He is very taken with the bottled-spider sketch and says he could take
it further by designing long hanging sleeves which would make the creature
six legged. He doesn't like the thick, club feet in the drawing though, says
they could be twisted but must remain quite delicate. `You should have a sense of him being able to move very nimbly at great speed, straight up
the side of a wall if he wanted to.' I don't want the image to become too
exclusively spider-like. There must be something of the bull as well. Bill
A. points out that bulls have quite slender, delicate legs.

I say, `At the moment I see him moving quite slowly, heavily.'

Bill A. looks worried: `But with agility.'

`Well no. Cripples aren't agile. We went through all of this with the
Fool. Decided to make him crippled, yet he had to be very speedy with
it. It becomes an enormous strain and isn't strictly feasible. I spent a lot
of last week among the disabled and didn't see many of them whizzing
about. What is it you fear if Richard was quite static?'

`He'd lose the power to surprise.'

This matter is left unresolved as we pass on to the drawings of the
head. Bill Dudley is less keen on these, particularly dislikes the heavy
forehead on the Hermanus head - `Looks like Marion Brando on a bad
day.' And pointing to the Ronnie Kray drawing, `If you look like this,
would it suggest a fine and brilliant mind?'

`But isn't that a good thing?' I say. `He's got this battered boxer's face,
this warrior's face. He shouldn't look cunning.'

`You're making your job very hard.' He is keen to keep my face long
and sharp, to emphasise it with a long wig. This is also left unresolved.

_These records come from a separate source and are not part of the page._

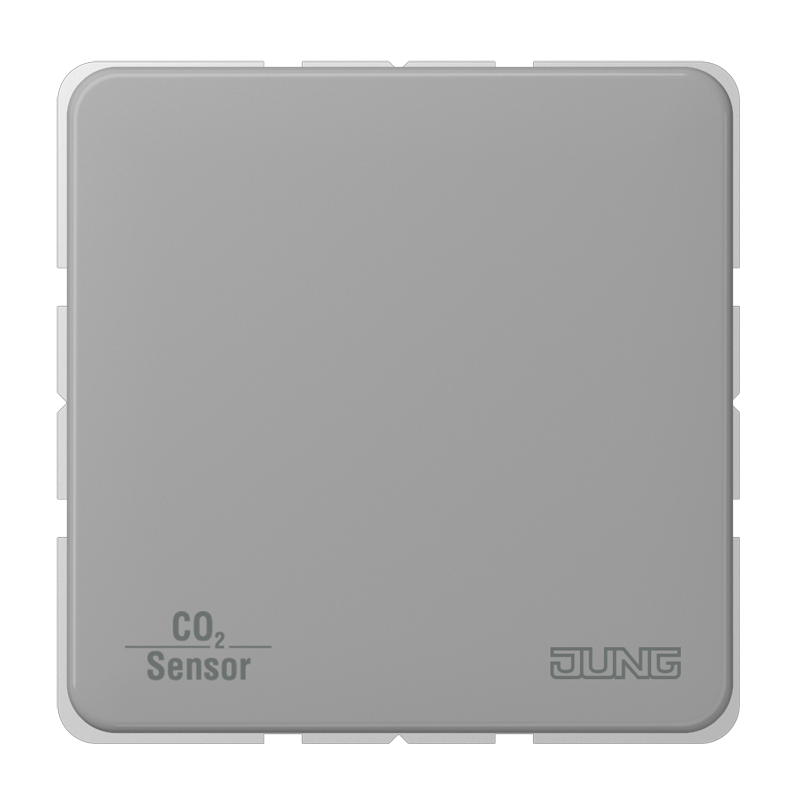 

KNX/EIB датчик углекислого газа, влажности и комнатной температуры CO2CD2178GR Jung, Серый, CD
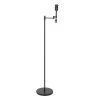 Steinhauer lights Stang floor lamp LED black, 2-light sources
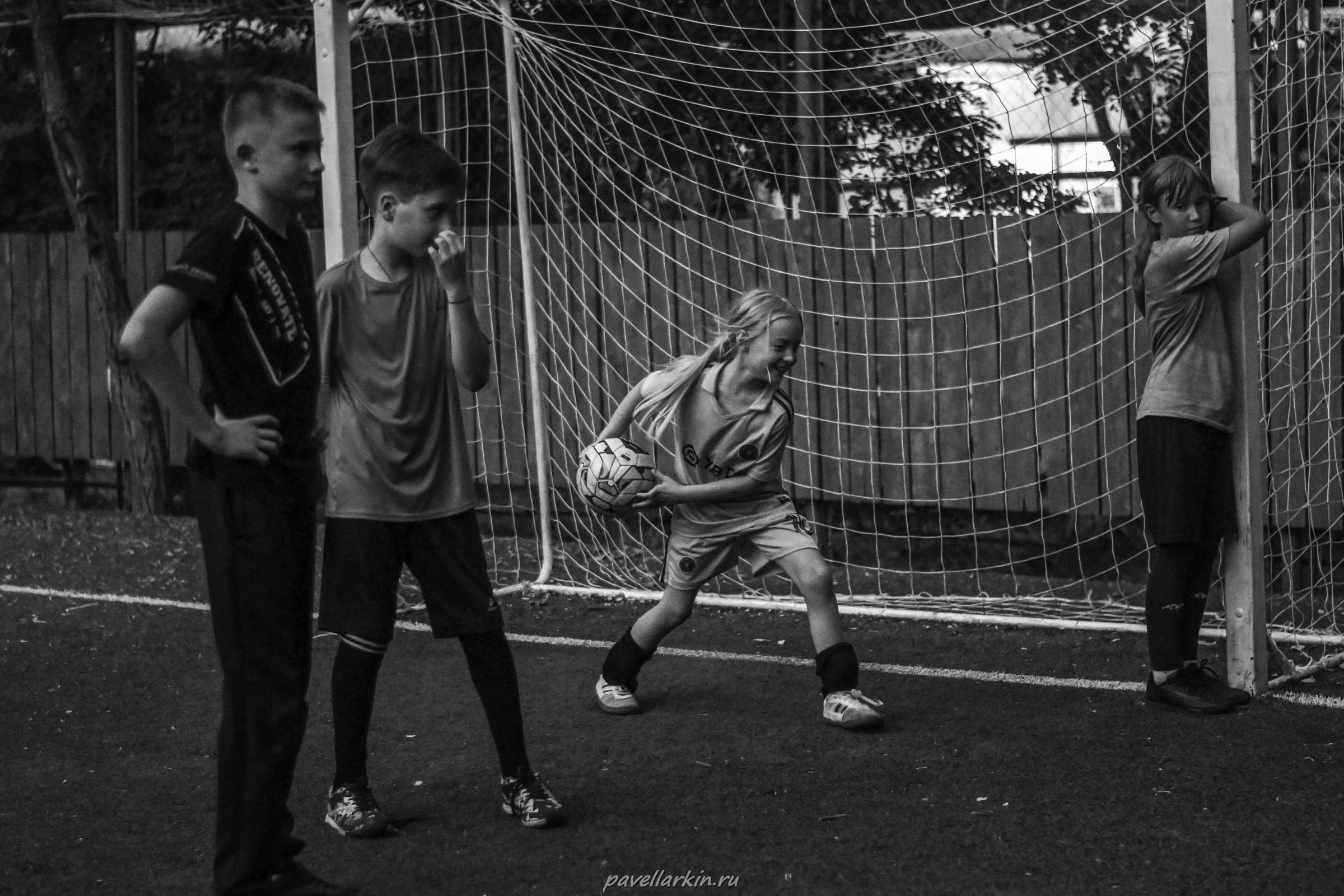 Вратари. Спортивный фотограф, фотожурналист Павел Ларькин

Bill A. asks whether the hump could be made well enough to be shown
naked. He's keen to use the church setting to stage the coronation, and
in researching has found that Richard and Anne were stripped naked for
the anointing ceremony. This is a very exciting image: Richard's back
twisted and mountainous, Anne's perfect and beautiful. Beauty and the
Beast.

The nerves backstage for Maydays are almost worse than for the first
performance. It's the closest real-life version of the nightmare all actors
have: you're going on stage and the show is only vaguely familiar. But
an enthusiastic audience sweeps us along and most of the lines are
remembered.

I used herbal cigarettes in the show tonight and will do so from now
on. Maydays will no longer be able to pass as my excuse for remaining a
smoker.

Tuesday 14 February

In Bernard Levin's interview with Ralph Richardson on his eightieth
birthday, the great actor said: `A play always reminds me of an enormous roller at the top of some hill. Someone takes the blocks away and it begins
to roll inevitably down to its end. Maybe its end is destruction or maybe
it's brought to a halt by a beautiful finish, but it never stops moving and
you're on it all the time ... Playing with time, which is the most precious
yet the most mysterious element we know. Dear friendly water we know
a great deal about. It's so simple and domestic. But time ... we don't
know where it begins or where it ends. And to play with it is very thrilling.
When that curtain goes up, time starts for you, you're moving with that
roller and you cannot get off it ...'

Tonight in Maydays the roller is stopped. During the second interval a
power box explodes and the trucks, which carry the sets on and off, freeze
in their tracks. The audience are sent back to the bars and plied with free
drinks, while the stage staff desperately work to restore life to the machinery. People rushing around with torches trying to find the blown fuse. It
goes on for over half an hour, the audience reassemble in the auditorium,
but backstage they have to admit defeat. They can't find the right fuse.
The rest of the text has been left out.